UNITED STATES of America, Appellant, v. Don KING and Don King Productions, Inc., Defendants-Appellees.
The government appeals from an order of the United States District Court for the Southern District of New York, Lawrence M. McKenna, J., dismissing for prosecutorial vindictiveness a superseding indictment as to defendant Don King Productions, Inc. (the “Corporation”) obtained after the trial on the original indictment, which charged only defendant Don King individually, ended in a mistrial. The district court found that the indictment of the Corporation constituted an enhancement of the potential penalties faced by King, the Corporation's 100% shareholder. The court ruled that because of the circumstances surrounding the mistrial this enhancement raised a presumption of vindictiveness, which the government failed to rebut. For reasons set forth below, we reverse.

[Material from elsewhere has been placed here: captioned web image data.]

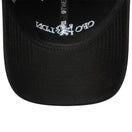 9TWENTY Europe Football Team チェルシー FC ブラック - 14670901 - OSFM | NEW ERA ニューエラ公式オンラインストア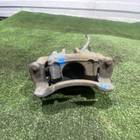 582102S000 Суппорт задний левый для Hyundai ix35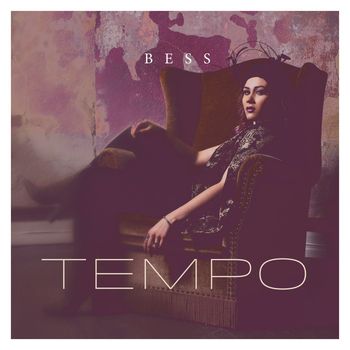 BESS - Tempo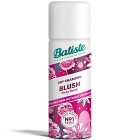 Batiste Blush Dry Shampoo Mini 50 ml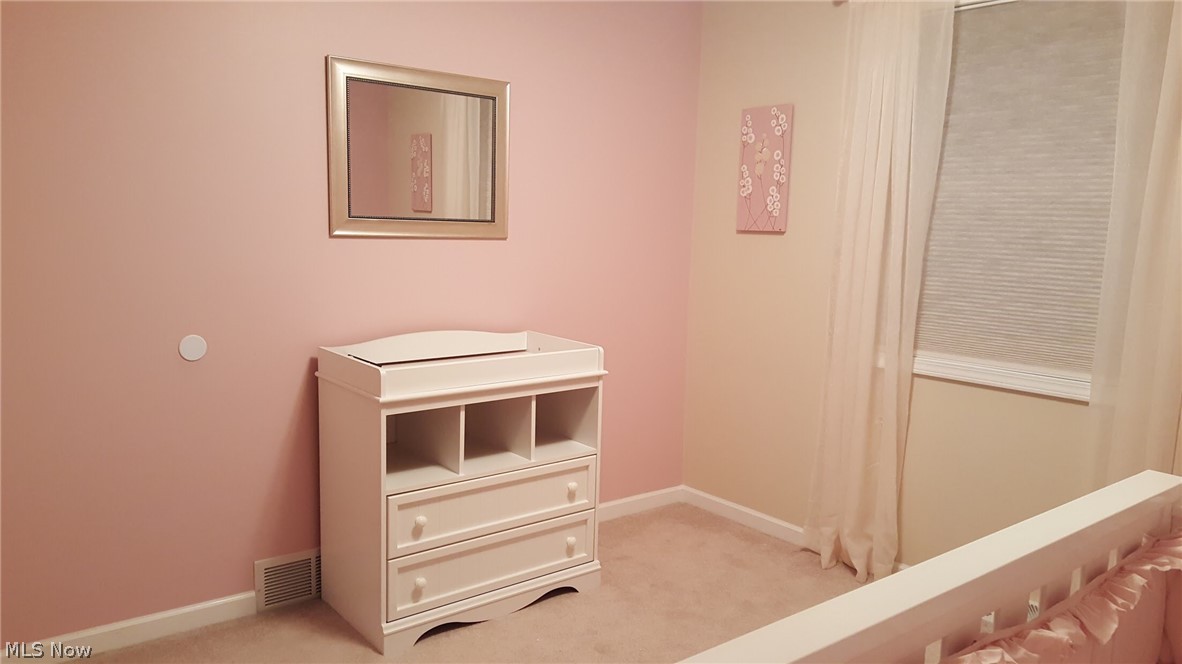 Lawr & Chester - Residential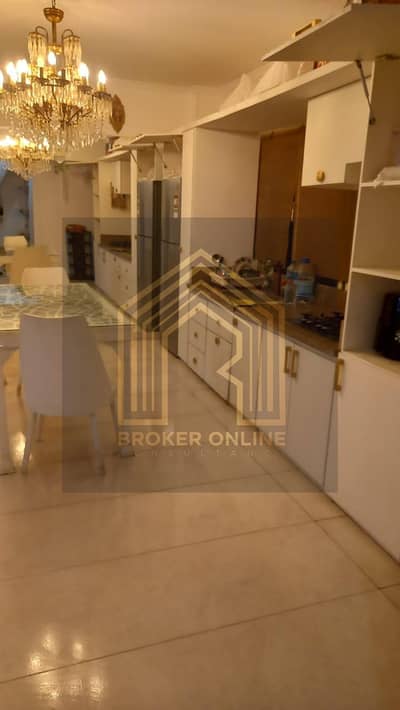 شقة 1 غرفة نوم للايجار في حدائق اكتوبر، الجيزة - 81130184-6a8a-4d6f-975e-4f0ac2442205. jpg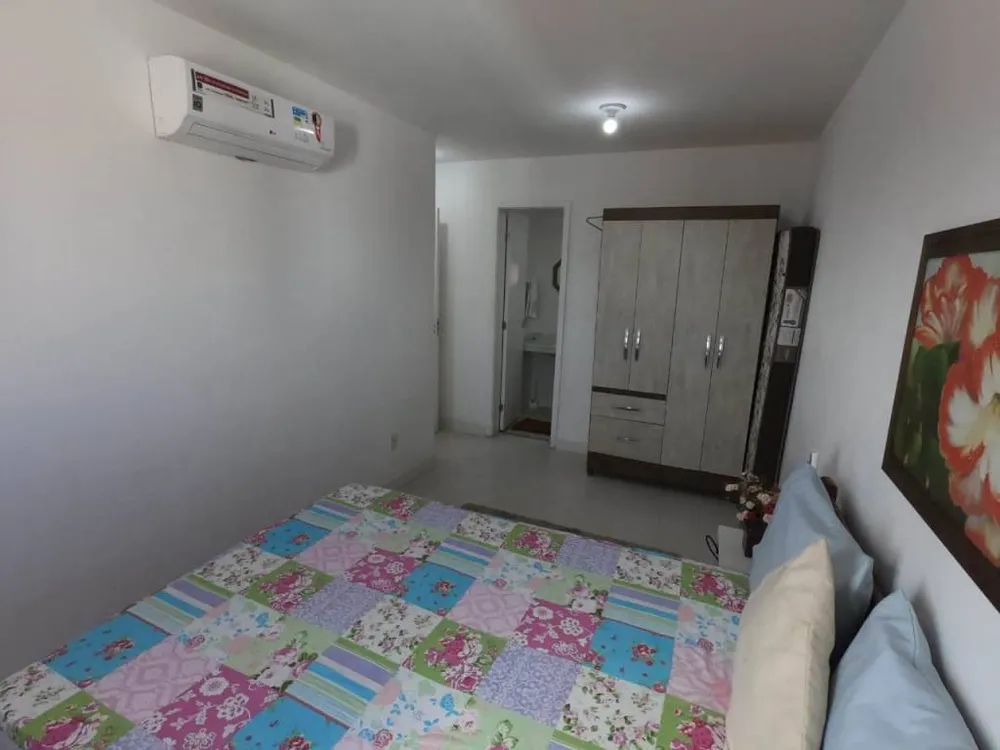 Apartamento - Foto 7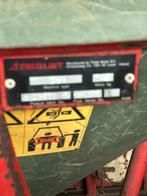 trioliet kunst mestrooier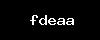 https://ajirafasta.co.tz/wp-content/themes/noo-jobmonster/framework/functions/noo-captcha.php?code=fdeaa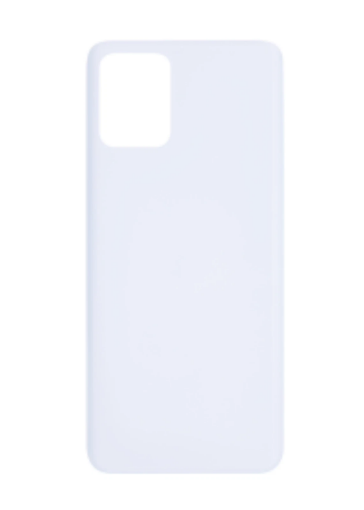 Picture of Back Cover for Motorola G Power 5G (XT2311 / 2023) (BRIGHT WHITE)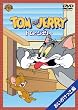�g���ƃW�F���[ �������������� [DVD]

Defendant King is a well-known boxing promoter who operates his business by means of the wholly-owned Corporation, which also holds the various licenses from state athletic commissions that are needed to engage in the promotion of boxing matches. In 1991, King obtained (through the Corporation) a $750,000 insurance policy from a syndicate of Lloyd's of London underwriters, hereafter referred to as the Insurer. The policy insured the Corporation against certain losses in the event that a scheduled boxing match between Julio Cesar Chavez and Harold Brazier was cancelled due to the non-appearance of one of the boxers. Shortly before the fight Chavez was injured while sparring, and the fight was postponed. After the postponement, the Corporation filed a claim with the Insurer for over $670,000 and submitted documents to support this claim, including what purported to be the contract between Chavez and King regarding promotion of the Chavez-Brazier fight.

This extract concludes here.